Captioned web images:
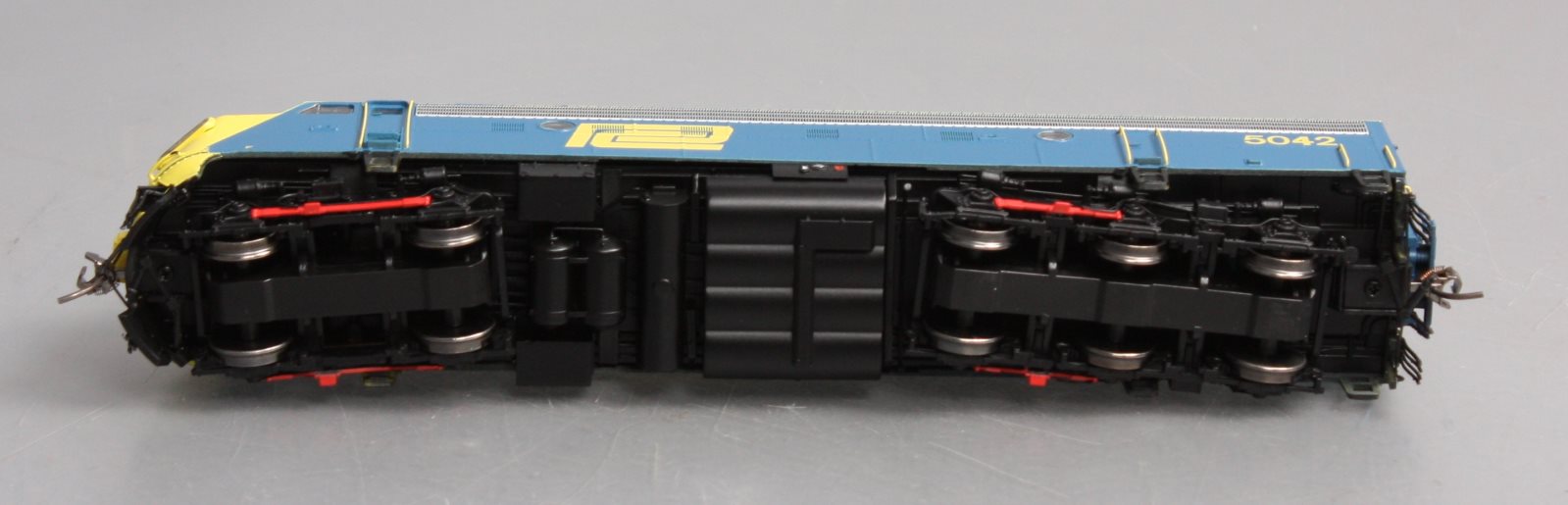 Rapido Trains 14537 HO Penn Central EMD FL9 with LokSound & DCC #5042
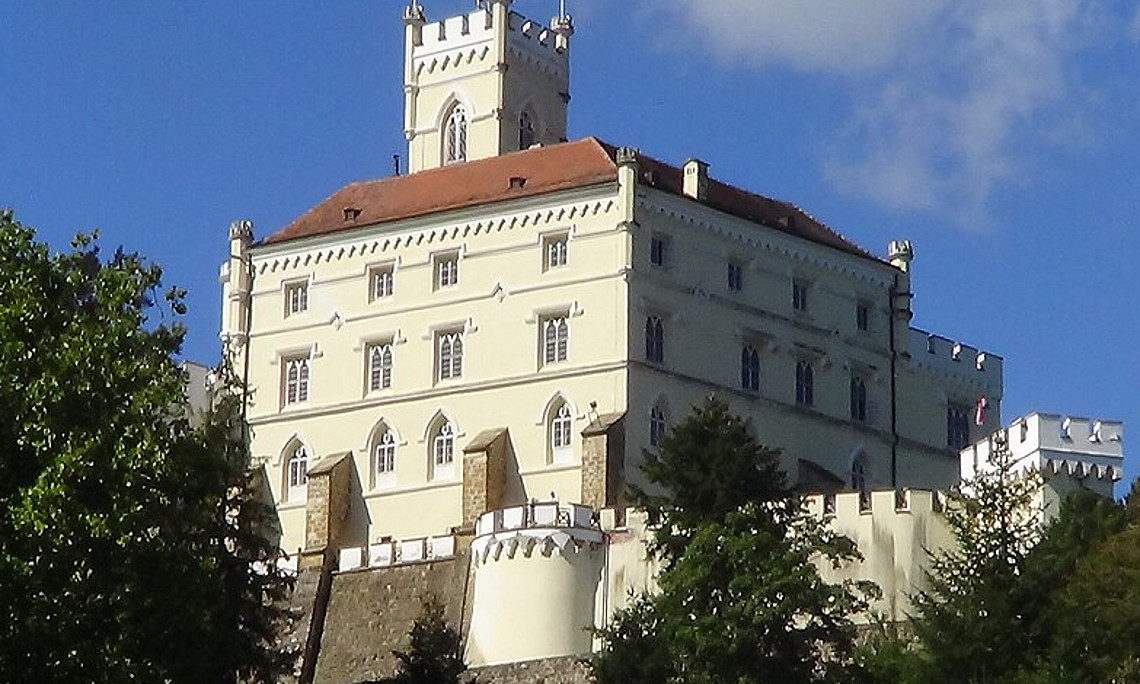 Blich auf Burg Trakoscan in Kroatien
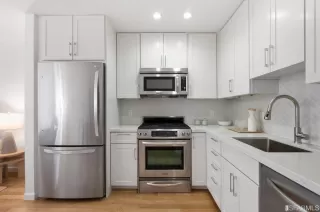 Photo #3: 423727309 Listing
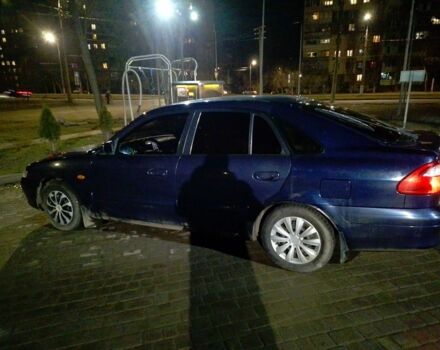 Синій Мазда 626, об'ємом двигуна 0 л та пробігом 395 тис. км за 1150 $, фото 3 на Automoto.ua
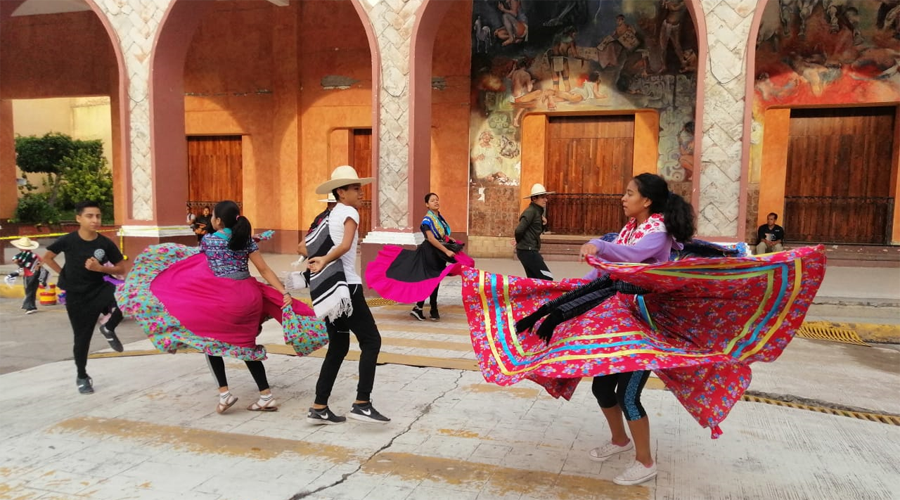 200 parejas bailarán el Jarabe Mixteco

Exercise details: Output only the lines running from the line with "Photo #3: 423727309 Listing" through the last line of the entries above, inclusive, with pictures excluded.

Written response:
 Photo #3: 423727309 Listing
 Синій Мазда 626, об'ємом двигуна 0 л та пробігом 395 тис. км за 1150 $, фото 3 на Automoto.ua
 200 parejas bailarán el Jarabe Mixteco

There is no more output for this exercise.